I'm trying to prove that for a closed set $S$, $S\subset X$ and $(X,d)$ a metric space, $\partial(\partial S)=\partial S$, where $\partial$ is the boundary of S defined as $$\partial S=\{\forall x\in X:\forall \epsilon >0 D(x,\epsilon)\cap S \neq \emptyset \:and\: D(x,\epsilon)\cap S^C = \emptyset\}=cl(S)\cap cl(S^C) $$ where $cl(S)$ is the closure of S.
Here's what I've done so far:
Let $T=\partial S$:
We know that $T$ is closed in X as it is a boundary (proof).

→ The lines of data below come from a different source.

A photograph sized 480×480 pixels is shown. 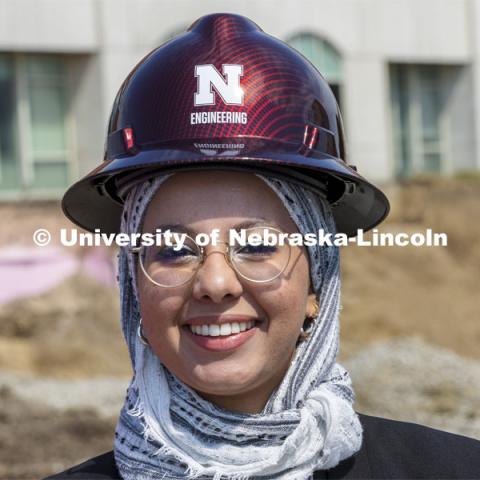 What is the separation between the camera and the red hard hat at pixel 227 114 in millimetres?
2504

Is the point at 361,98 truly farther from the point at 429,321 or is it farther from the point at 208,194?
the point at 208,194

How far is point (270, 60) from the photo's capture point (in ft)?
8.52

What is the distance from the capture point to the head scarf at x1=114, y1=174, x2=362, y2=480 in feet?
8.21

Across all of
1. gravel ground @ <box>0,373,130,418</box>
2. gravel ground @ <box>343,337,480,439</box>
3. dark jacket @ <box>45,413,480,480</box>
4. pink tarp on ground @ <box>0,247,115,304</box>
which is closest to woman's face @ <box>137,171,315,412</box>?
dark jacket @ <box>45,413,480,480</box>

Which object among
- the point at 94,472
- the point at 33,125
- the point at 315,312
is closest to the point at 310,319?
the point at 315,312

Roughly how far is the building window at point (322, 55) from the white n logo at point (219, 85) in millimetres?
15156

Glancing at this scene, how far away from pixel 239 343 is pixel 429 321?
13.4m

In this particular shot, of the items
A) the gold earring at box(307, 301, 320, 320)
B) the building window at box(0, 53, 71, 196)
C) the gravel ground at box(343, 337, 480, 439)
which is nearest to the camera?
the gold earring at box(307, 301, 320, 320)

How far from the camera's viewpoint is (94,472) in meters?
2.67

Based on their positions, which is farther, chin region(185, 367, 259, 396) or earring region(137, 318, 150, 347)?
earring region(137, 318, 150, 347)

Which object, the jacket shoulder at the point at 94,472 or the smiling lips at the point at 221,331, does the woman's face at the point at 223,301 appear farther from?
the jacket shoulder at the point at 94,472

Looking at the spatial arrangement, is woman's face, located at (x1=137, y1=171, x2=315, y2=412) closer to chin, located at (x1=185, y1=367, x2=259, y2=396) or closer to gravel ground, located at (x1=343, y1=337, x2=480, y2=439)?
chin, located at (x1=185, y1=367, x2=259, y2=396)

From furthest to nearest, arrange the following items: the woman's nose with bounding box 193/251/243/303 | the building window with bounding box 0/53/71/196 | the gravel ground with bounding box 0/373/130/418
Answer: the building window with bounding box 0/53/71/196 < the gravel ground with bounding box 0/373/130/418 < the woman's nose with bounding box 193/251/243/303

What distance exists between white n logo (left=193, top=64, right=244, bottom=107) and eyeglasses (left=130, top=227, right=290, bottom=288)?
332mm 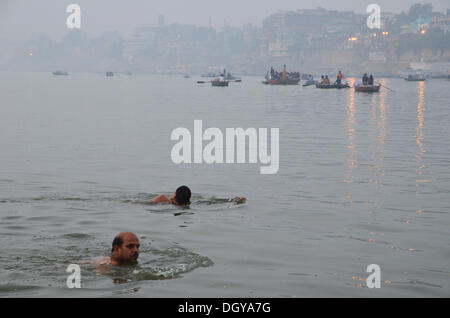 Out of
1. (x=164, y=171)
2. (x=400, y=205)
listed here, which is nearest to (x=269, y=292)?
(x=400, y=205)

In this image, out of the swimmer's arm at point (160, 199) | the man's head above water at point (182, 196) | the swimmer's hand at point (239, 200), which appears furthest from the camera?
the swimmer's hand at point (239, 200)

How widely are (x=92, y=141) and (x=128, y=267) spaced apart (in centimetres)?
1563

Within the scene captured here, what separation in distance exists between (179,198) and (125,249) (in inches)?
156

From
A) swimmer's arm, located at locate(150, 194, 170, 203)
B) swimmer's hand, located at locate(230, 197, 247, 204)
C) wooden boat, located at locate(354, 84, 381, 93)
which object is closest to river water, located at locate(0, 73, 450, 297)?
swimmer's hand, located at locate(230, 197, 247, 204)

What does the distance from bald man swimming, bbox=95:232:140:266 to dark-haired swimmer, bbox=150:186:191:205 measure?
375 cm

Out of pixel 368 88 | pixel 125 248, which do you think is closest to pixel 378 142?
pixel 125 248

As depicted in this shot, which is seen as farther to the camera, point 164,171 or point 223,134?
point 223,134

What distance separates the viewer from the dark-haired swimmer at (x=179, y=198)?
39.4 ft

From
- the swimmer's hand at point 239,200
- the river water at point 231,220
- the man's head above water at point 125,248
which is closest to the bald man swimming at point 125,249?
the man's head above water at point 125,248

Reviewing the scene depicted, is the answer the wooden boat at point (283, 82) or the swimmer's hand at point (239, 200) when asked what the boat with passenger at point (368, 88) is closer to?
the wooden boat at point (283, 82)

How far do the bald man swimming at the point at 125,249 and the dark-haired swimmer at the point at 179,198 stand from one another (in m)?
3.75

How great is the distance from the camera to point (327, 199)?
509 inches

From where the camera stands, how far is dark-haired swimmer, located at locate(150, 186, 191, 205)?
12.0 metres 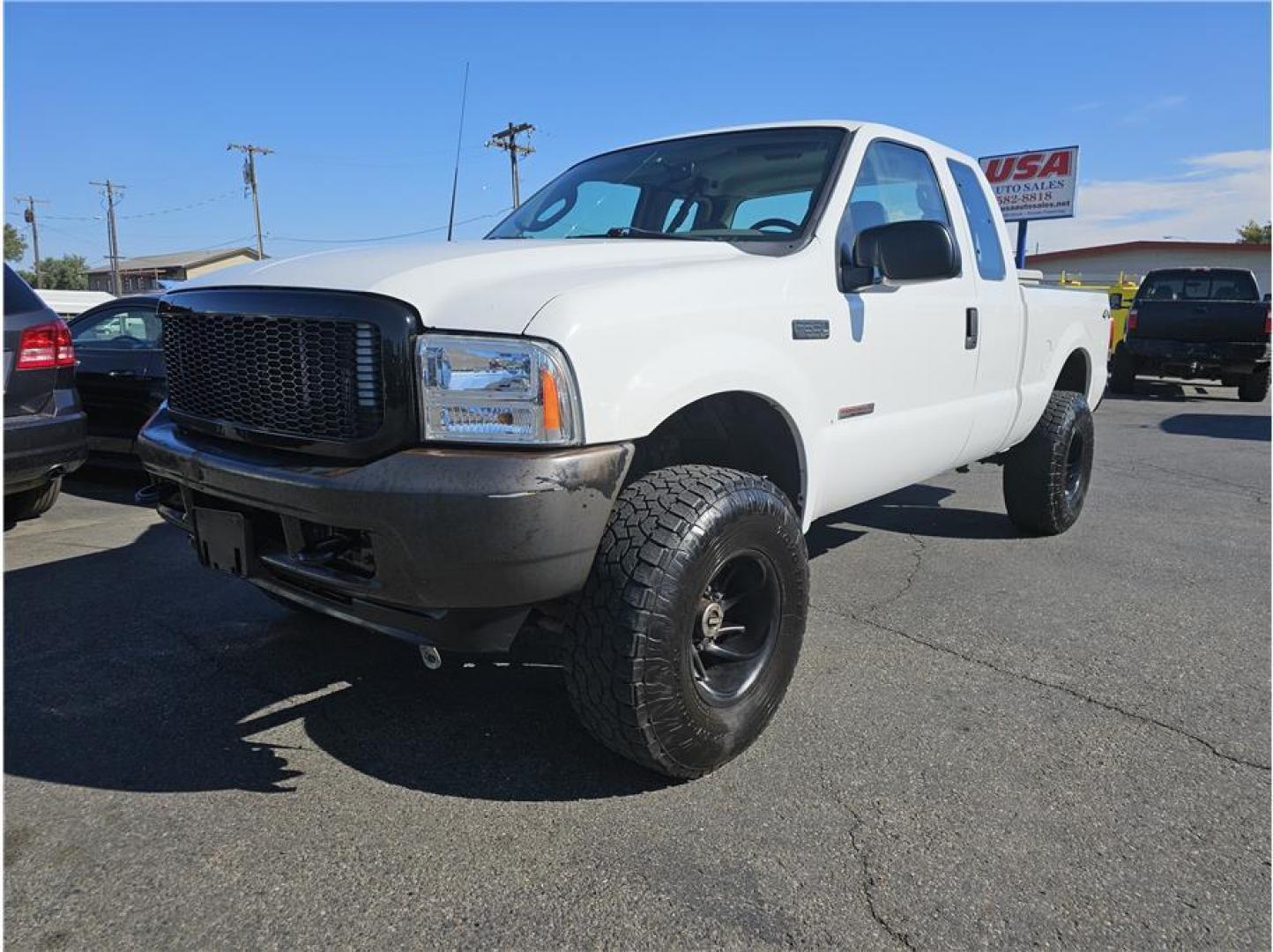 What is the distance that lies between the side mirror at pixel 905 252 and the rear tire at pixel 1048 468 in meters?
2.27

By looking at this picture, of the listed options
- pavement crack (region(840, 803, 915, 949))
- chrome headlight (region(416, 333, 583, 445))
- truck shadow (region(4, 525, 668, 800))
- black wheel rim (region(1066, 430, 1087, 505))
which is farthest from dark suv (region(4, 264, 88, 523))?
black wheel rim (region(1066, 430, 1087, 505))

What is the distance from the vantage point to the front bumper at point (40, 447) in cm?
457

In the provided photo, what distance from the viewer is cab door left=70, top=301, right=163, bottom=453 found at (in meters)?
6.33

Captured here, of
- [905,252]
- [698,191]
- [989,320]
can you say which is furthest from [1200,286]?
[905,252]

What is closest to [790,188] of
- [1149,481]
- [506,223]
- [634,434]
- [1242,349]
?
[506,223]

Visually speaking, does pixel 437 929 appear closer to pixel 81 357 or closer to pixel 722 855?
pixel 722 855

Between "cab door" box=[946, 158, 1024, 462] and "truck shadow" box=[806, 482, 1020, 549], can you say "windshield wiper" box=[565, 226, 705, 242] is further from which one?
"truck shadow" box=[806, 482, 1020, 549]

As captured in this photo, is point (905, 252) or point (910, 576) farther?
point (910, 576)

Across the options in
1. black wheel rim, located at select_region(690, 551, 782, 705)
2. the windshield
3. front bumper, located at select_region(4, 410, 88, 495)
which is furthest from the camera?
front bumper, located at select_region(4, 410, 88, 495)

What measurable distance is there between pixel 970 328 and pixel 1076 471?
2.10m

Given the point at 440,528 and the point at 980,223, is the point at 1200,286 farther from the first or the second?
the point at 440,528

I know how to prove that $\partial T \subseteq T$, as since we define a closure of a set as the smallest closed set that contains $T$, thus since $T$ is closed $cl(T)=T$. We also know that $\partial T \subseteq cl(T)$ and thus $\partial T \subseteq T\implies \partial(\partial S)\subseteq \partial S$.
It's proving that $\partial(\partial S)\supseteq \partial S$ is where I'm having difficulty.
Best Answer
$\partial S = \partial (X \setminus S)$ (by definition) and the boundary of an open set is nowhere dense (e.g. this link). This means that $\partial S$ (being closed) has no interior points and so $\partial S \subseteq \partial \partial S$ is then easy to see. The other inclusion you already did (basically, the boundary is closed and a set is closed iff it contains its boundary).